Soft. Off-key. But honest. The tune he’d heard Chuck use while growing up.
The sound echoed through the stables, brushing dust from rafters that hadn’t heard sincerity in centuries. It wasn’t music...it was memory finding its way home.
The reindeer stirred. Heads lifted. Ears twitched toward the sound.
Dax kept going, voice cracking on every third note but never once losing the truth of it. The runes along the harnesses began to glow…dim at first, then brighter, like fire learning how to exist again.
Chuck stood still for a long time, then joined in. The words stumbled out awkwardly, but they were real.
“Sleep, my north wind child,
dream where light can grow—
in hearts made small,
in souls made whole,
let kindness find the snow.”
Nick’s laughter came soft and full of relief. “She taught you that, didn’t she?”
Chuck nodded. “Every solstice. She always said even broken things should learn to sing.”
The sleigh trembled, its rails shedding frost. The reindeer stamped once, twice, their harnesses chiming faintly.
Dax’s humming deepened, and something in the room shifted—as if the very air remembered what it meant to believe.

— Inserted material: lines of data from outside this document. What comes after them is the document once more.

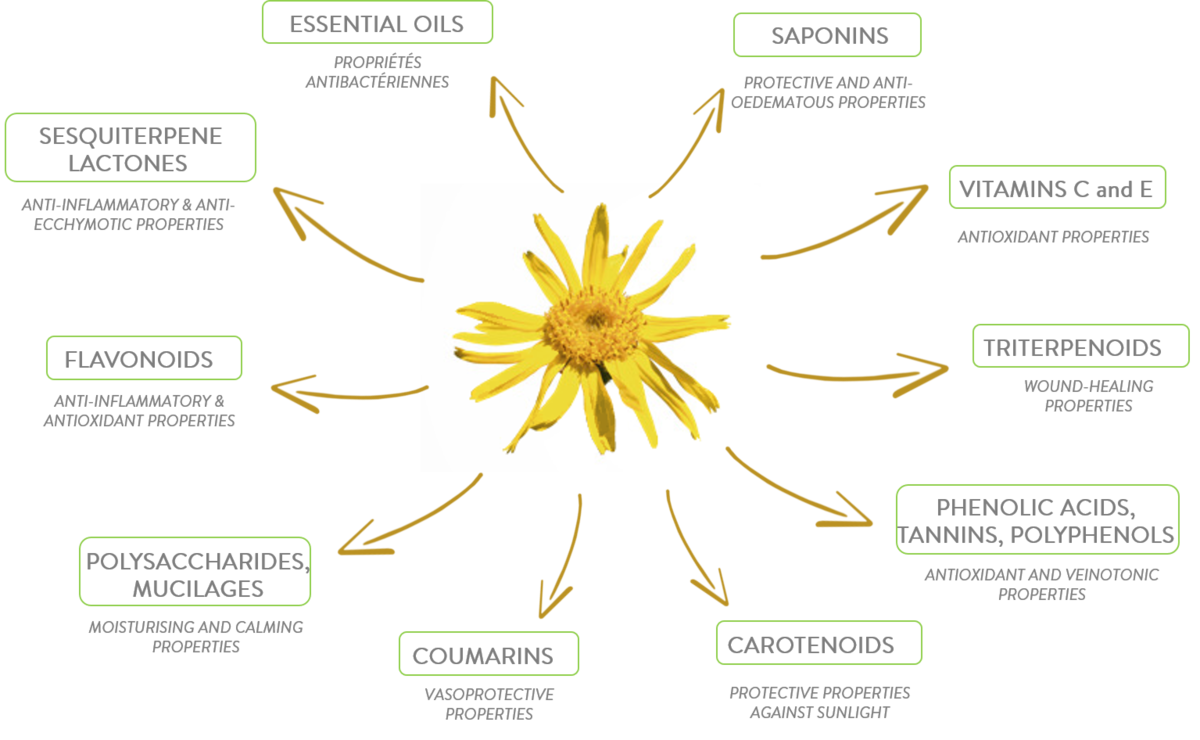 Revealing the secret of Arnica Flower Boiron Asia
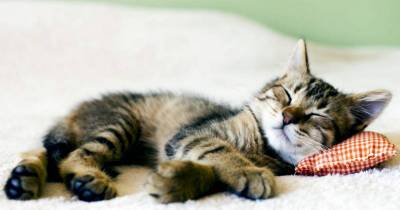 8 Hacks For Sleepless Cat Owners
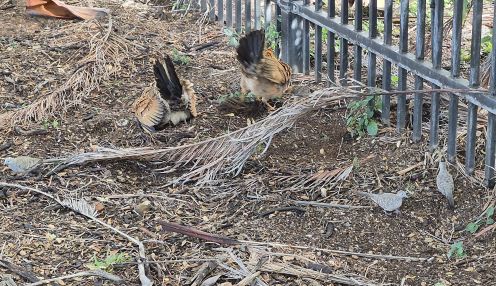 hawai chick n birds .jpg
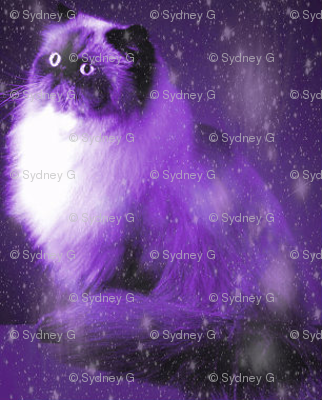persian-cat-11__1_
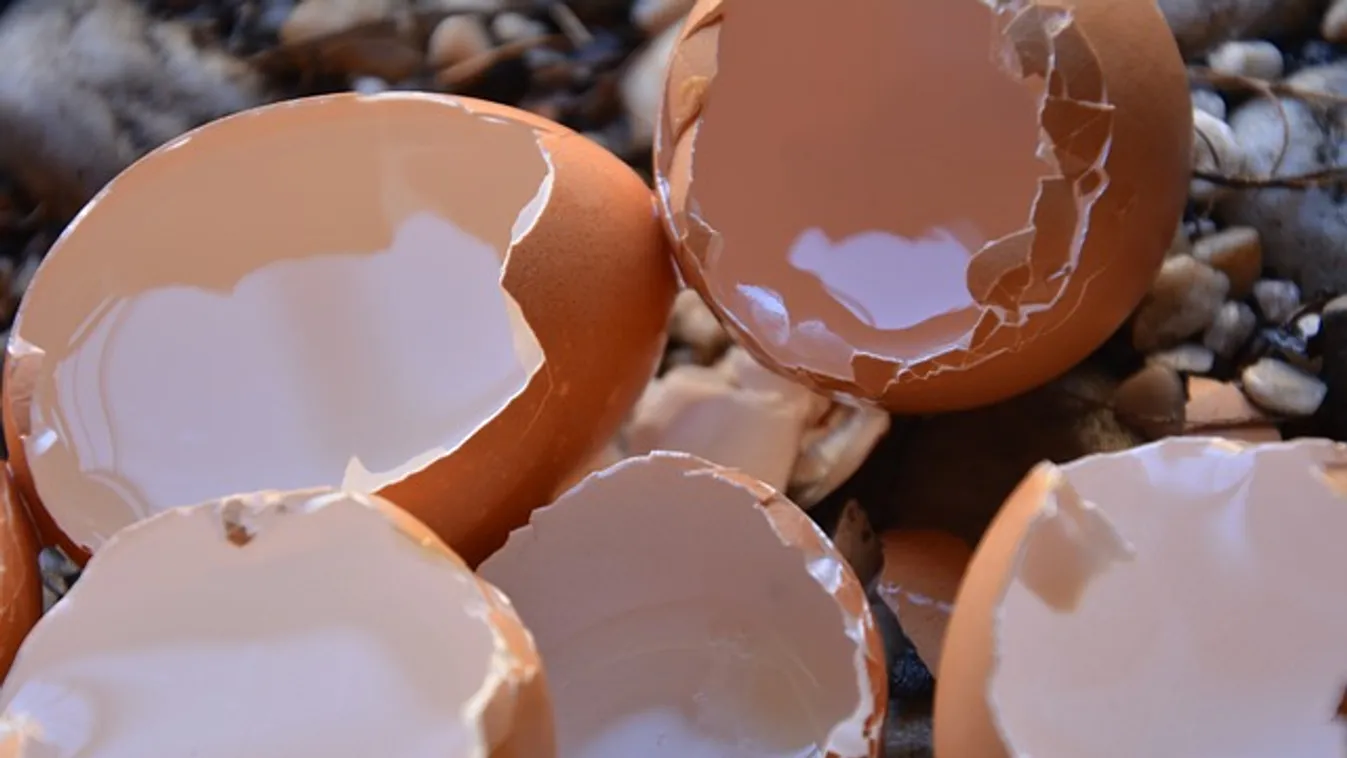 Szórj tojáshéjat a kertedbe, eszméletlen lesz a hatás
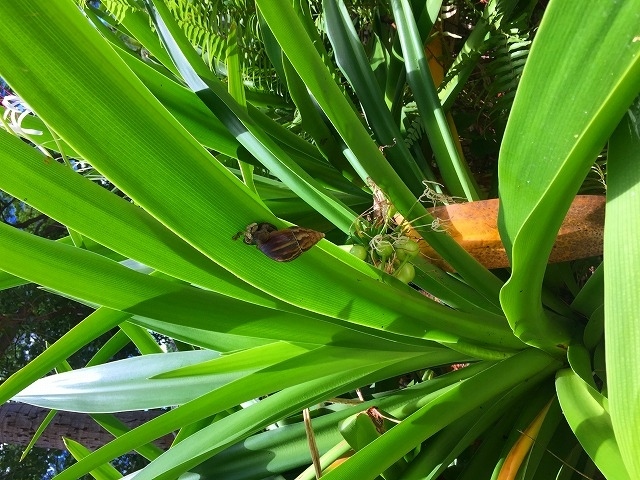 歩いていると・・・<br /><br />大きなカタツムリを数匹発見！！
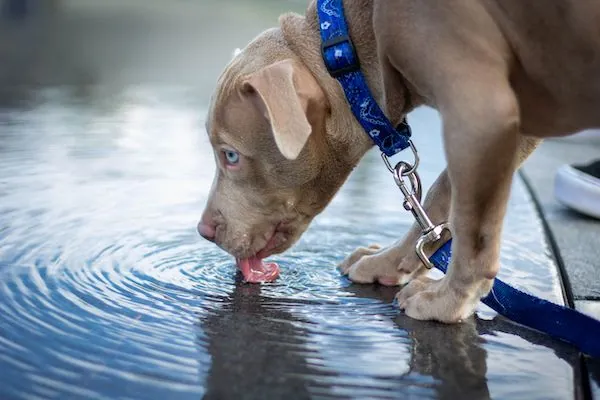7 Creative Ways to Boost Your Dog’s Water Consumption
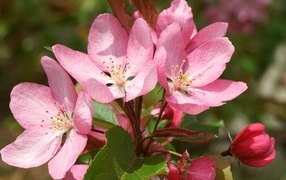 Крупные розовые цветы на ветке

I stared, ink running from the tip of my quill. “They’re syncing to emotional resonance,” I breathed. “This is…this is scientifically impossible!”
“Or,” Dax said between verses, “it’s just faith doing what it’s supposed to.”

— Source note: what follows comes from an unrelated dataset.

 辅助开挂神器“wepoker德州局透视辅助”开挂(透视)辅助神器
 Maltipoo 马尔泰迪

The sleigh lifted an inch off the ground.
The floorboards groaned under the sudden relief, dust falling from the rafters in soft flurries. The glow from the reindeer reflected off the walls, scattering gold across the room.
Chuck’s voice wavered on the final line, but it didn’t matter…the melody had already taken hold.
Nick smiled, his face illuminated in the aurora’s spill of color. “Looks like she still believes in you.”
Chuck didn’t answer. He couldn’t. His throat worked, but only a half-laugh came out. A sound halfway between grief and gratitude.
The sleigh hummed softly, rising another inch.
I tilted my head, watching the impossible turn routine. “Well, gentlemen,” I said, “it seems forgiveness officially flies.”
Chuck wiped at his eyes, laughter bubbling out. “Let’s just hope it can steer, too.”
The reindeer snorted, their breath curling into clouds that shimmered faintly blue. Frost crystals spiraled up from the floor, spinning into the air until the whole chamber looked alive.
Dax slapped the side of the sleigh. “C’mon, old girl. Let’s see if you remember how to dance.”
The sleigh shuddered, eager now…runners sparking with light, reins humming in rhythm with Dax’s fading song.
Nick stepped forward, hand resting briefly on Chuck’s shoulder. “You’ve done enough fixing,” he said softly. “Now go fly something worth saving.”
Chuck nodded, taking the reins. The scarf around his neck fluttered once, its golden threads catching the aurora’s light.
The sleigh rose higher, the glow turning the air molten around us.
For the first time in centuries, the Prime Gate’s stables echoed not with guilt or magic or rules, but with something far rarer.
Joy.
And when it lifted through the broken roof into the open sky, I swear I could hear Gwen’s laughter riding the wind.